Work order —
Everything from the line with "Happy Cat Minkas" down to the line with "Boule lumineuse (image 1)" below must be printed exactly, those two lines included. Exclude pictures.
<<<<
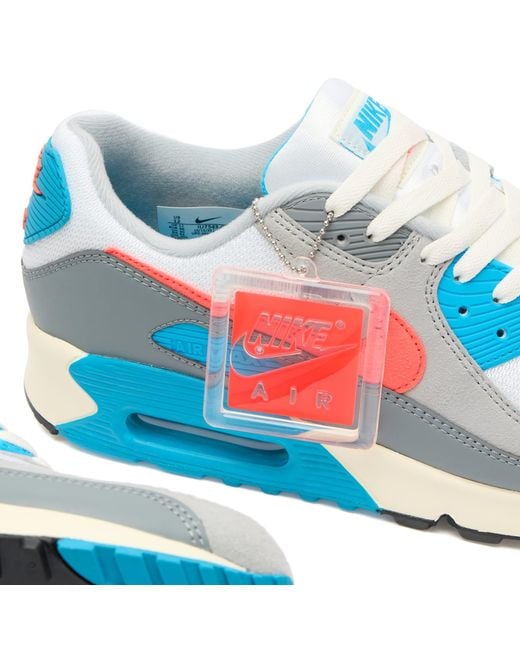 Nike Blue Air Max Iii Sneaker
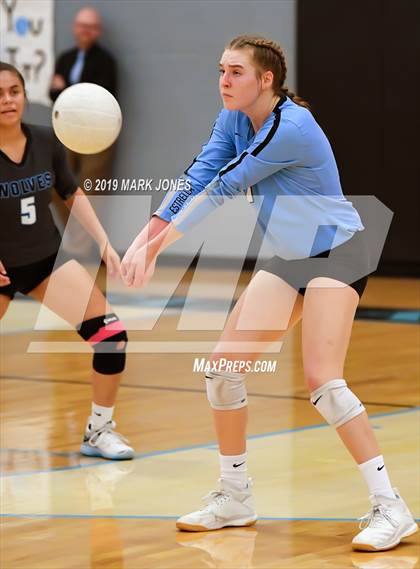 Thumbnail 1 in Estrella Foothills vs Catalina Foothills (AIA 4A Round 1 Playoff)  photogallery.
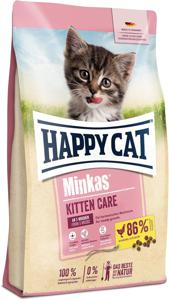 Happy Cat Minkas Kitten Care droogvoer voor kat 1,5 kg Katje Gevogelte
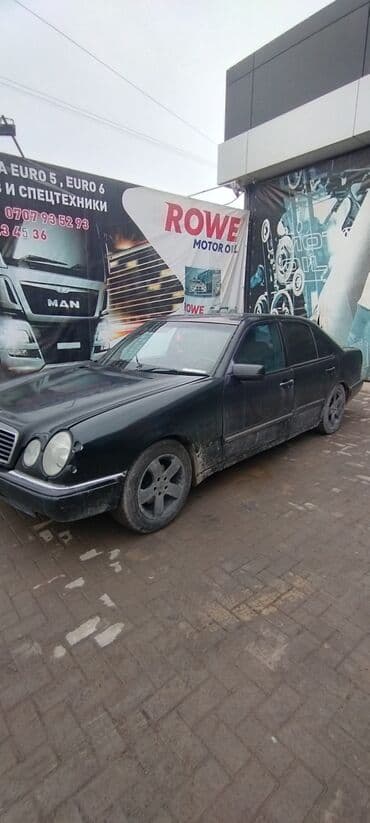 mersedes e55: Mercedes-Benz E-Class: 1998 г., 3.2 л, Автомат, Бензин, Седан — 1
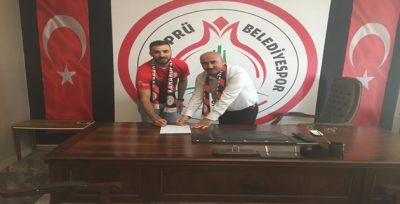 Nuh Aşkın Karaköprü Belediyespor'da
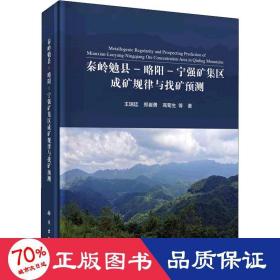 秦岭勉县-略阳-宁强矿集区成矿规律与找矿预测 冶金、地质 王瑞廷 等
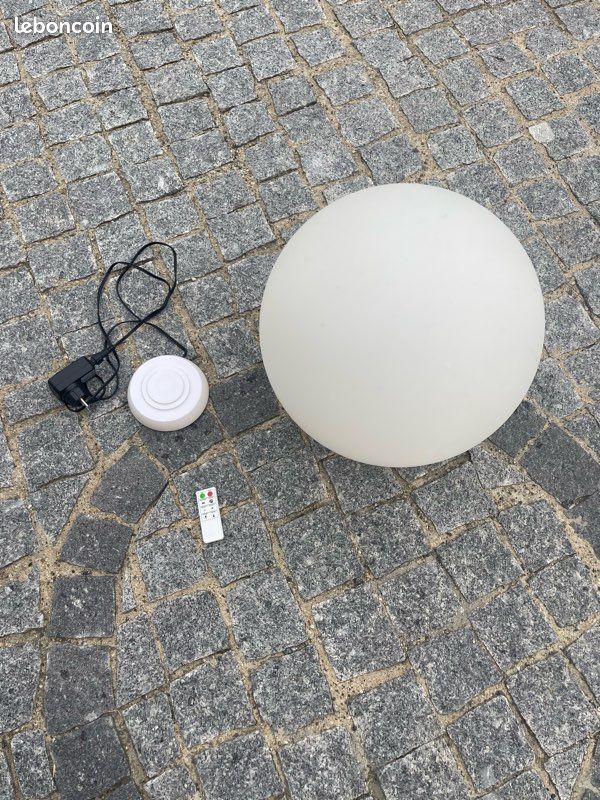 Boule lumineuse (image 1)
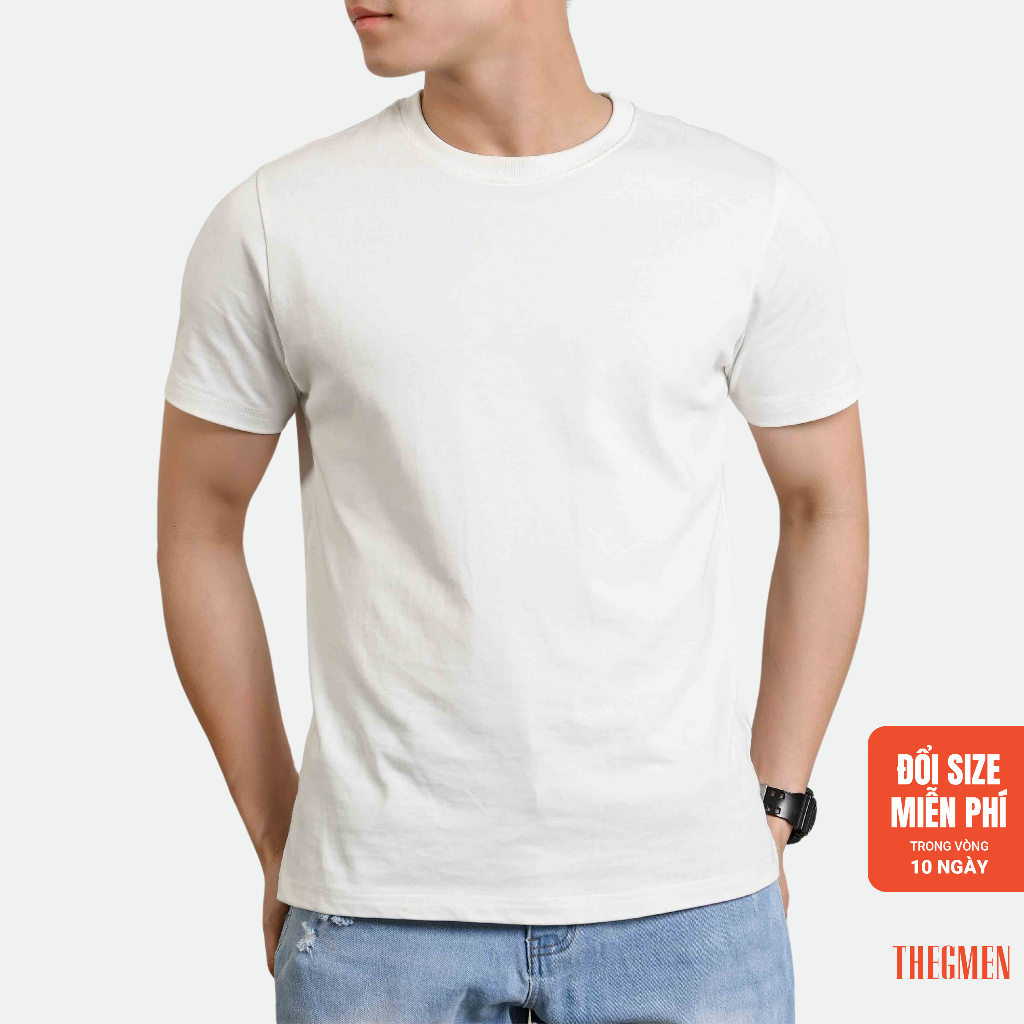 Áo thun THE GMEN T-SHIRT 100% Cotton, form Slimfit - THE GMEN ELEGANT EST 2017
>>>>
Answer to this exercise —
 Happy Cat Minkas Kitten Care droogvoer voor kat 1,5 kg Katje Gevogelte
 mersedes e55: Mercedes-Benz E-Class: 1998 г., 3.2 л, Автомат, Бензин, Седан — 1
 Nuh Aşkın Karaköprü Belediyespor'da
 秦岭勉县-略阳-宁强矿集区成矿规律与找矿预测 冶金、地质 王瑞廷 等
 Boule lumineuse (image 1)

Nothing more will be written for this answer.